Scientific drilling is a way to probe down into the Earth, allowing scientists to obtain samples of sediments, crust, and upper mantle. In addition to rock samples, drilling technology can unearth samples of connate fluids and of the subsurface biosphere, mostly microbial life, preserved in drilled samples. Most of the technology used for drilling results from advances in the oil and gas industry. Scientific drilling is carried out on land by the International Continental Scientific Drilling Program (ICDP) and at sea by the Integrated Ocean Drilling Program (IODP). Scientific drilling on the continents includes drilling down into solid ground as well as drilling from small boats on lakes. Sampling thick glaciers and ice sheets to obtain ice cores is related but will not be described further here.
Like probes sent into outer space, scientific drilling is a technology used to obtain samples from places that people cannot reach. Human beings have descended as deep as 2,080 m (6,822 ft) in Voronya Cave, the world's deepest known cave, located in the Caucasus mountains of Georgia. Gold miners in South Africa regularly go deeper than 3,400 m, but no human has ever descended to greater depths than this below the Earth's solid surface. As depth increases into the Earth, temperature and pressure rise. Temperatures in the crust increase about 15°C per kilometer, making it impossible for humans to exist at depths greater than several kilometers, even if it was somehow possible to keep shafts open in spite of the tremendous pressure.

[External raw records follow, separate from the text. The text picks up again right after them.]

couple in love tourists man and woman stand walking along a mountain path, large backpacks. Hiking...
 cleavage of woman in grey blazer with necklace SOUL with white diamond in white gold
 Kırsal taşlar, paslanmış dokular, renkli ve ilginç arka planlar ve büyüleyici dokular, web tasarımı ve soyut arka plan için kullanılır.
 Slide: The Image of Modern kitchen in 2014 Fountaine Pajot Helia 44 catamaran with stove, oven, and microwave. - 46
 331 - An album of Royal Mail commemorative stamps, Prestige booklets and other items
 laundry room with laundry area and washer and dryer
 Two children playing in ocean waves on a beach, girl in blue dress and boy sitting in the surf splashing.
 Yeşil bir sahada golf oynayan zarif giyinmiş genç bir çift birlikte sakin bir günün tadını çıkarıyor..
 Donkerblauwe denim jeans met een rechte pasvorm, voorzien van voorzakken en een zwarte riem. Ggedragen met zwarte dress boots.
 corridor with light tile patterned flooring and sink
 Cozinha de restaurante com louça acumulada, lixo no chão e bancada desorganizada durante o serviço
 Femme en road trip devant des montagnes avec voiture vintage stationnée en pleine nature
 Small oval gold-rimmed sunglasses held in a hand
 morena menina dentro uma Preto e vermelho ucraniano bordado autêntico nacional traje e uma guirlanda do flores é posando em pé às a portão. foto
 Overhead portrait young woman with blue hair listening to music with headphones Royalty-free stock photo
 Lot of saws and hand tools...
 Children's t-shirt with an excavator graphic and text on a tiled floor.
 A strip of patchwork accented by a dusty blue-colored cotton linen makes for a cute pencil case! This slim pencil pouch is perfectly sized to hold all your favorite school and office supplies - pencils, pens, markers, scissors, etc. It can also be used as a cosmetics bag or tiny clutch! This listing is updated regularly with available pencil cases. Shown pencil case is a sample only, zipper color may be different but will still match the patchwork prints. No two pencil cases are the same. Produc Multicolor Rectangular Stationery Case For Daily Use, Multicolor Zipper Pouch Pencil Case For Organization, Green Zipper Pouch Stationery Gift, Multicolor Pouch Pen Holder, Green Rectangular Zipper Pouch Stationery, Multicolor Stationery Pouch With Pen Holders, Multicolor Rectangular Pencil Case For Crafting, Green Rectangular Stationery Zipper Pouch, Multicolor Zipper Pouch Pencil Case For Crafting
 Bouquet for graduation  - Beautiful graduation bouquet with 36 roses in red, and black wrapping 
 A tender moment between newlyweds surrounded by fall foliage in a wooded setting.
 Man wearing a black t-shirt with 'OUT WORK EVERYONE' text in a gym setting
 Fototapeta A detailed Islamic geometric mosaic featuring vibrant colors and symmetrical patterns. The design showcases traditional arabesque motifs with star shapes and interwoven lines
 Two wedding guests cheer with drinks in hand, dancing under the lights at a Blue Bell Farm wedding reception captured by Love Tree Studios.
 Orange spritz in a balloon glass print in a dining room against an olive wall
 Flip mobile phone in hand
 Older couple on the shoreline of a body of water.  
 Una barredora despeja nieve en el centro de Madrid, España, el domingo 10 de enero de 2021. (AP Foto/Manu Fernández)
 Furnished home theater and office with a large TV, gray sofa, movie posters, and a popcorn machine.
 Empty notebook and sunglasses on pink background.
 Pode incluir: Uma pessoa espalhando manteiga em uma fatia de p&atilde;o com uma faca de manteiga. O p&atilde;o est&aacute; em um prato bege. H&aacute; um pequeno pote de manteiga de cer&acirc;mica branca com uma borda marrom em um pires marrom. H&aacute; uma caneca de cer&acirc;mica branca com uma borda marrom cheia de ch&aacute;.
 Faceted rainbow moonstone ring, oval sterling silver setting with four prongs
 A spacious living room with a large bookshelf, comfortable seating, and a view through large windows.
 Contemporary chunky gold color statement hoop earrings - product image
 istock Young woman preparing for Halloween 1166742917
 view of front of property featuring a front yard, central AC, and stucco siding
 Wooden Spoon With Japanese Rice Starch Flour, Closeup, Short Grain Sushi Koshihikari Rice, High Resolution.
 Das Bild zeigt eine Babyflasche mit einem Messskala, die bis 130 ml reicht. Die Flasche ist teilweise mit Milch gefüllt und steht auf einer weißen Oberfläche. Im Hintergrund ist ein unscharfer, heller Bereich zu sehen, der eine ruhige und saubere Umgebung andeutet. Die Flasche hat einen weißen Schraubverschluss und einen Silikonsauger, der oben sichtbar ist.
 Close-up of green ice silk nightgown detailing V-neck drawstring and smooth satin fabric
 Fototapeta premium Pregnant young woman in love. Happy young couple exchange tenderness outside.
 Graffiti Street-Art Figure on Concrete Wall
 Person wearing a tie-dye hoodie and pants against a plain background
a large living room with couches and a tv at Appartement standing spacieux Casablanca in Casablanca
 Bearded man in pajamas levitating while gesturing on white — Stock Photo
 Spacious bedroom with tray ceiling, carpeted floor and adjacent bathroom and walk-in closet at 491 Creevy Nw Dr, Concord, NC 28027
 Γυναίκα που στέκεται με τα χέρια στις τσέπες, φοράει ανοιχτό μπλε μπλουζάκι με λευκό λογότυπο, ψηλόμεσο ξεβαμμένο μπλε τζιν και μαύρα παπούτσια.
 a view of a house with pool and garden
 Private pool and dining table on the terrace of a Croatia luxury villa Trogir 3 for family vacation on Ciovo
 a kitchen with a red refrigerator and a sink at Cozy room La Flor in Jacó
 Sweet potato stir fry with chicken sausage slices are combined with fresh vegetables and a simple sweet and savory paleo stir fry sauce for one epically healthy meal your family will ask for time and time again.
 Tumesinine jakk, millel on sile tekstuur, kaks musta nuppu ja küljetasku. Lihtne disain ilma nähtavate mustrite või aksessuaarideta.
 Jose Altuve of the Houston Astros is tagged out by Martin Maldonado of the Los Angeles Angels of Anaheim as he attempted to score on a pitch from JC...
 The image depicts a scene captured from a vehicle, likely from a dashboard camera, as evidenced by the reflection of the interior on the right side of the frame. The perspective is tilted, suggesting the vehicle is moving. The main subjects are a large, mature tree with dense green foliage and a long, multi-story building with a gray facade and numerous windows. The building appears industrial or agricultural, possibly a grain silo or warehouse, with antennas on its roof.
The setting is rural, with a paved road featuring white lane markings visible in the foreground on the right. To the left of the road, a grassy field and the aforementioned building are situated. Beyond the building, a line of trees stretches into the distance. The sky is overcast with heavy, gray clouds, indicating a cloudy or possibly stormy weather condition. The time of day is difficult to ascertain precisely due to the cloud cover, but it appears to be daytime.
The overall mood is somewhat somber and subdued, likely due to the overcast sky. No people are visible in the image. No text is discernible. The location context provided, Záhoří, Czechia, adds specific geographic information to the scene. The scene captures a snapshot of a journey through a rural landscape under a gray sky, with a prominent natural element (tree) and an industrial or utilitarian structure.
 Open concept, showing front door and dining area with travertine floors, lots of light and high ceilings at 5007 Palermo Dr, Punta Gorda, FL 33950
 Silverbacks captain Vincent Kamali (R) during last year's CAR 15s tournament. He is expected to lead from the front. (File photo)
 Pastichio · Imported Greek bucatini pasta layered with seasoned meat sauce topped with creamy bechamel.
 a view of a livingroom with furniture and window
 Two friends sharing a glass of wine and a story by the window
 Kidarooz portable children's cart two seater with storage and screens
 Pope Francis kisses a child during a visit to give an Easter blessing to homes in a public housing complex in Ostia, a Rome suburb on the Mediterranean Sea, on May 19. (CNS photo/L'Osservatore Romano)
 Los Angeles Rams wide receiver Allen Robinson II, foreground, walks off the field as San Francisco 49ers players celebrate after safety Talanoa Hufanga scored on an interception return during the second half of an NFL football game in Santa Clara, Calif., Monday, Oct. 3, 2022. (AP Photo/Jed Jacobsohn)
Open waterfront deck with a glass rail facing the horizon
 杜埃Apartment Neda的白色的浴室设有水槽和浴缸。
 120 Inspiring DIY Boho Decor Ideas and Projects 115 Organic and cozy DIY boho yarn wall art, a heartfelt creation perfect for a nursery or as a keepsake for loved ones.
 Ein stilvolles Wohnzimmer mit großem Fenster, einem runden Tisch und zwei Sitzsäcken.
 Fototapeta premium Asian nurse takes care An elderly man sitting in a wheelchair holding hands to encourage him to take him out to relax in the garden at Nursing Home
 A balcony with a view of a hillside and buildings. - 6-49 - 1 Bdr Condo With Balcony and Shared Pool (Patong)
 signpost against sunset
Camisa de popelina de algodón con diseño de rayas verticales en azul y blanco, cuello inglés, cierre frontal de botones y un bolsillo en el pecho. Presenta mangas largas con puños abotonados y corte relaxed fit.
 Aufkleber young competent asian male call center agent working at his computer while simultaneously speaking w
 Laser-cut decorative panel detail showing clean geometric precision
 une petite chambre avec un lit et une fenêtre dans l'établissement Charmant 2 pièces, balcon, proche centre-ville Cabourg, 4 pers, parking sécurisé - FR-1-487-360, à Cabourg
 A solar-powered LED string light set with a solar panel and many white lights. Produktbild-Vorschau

Scientific drilling is interdisciplinary and international in scope. Individual scientists cannot generally undertake scientific drilling projects alone. Teamwork between scientists, engineers, and administrators is often required for success in planning and in carrying out a drilling project, analyzing the samples, and interpreting and publishing the results in scientific journals.
Scientific drilling is used to address a wide range of problems, which cannot be addressed using rocks exposed on the surface or on the seafloor. The Integrated Ocean Drilling Program has a broad set of research objectives, which can be divided into three principal themes:
- The nature of the deep biosphere and the oceanic sub-seafloor
- Understanding environmental change, processes and effects
- Cycles and geodynamics of the solid Earth
ICDP focuses on scientific drilling to address the following questions about the history, chemistry, and physics of Earth and the biosphere:
- What are the physical and chemical processes responsible for earthquakes and volcanic eruptions, and what are the best ways minimize their effects?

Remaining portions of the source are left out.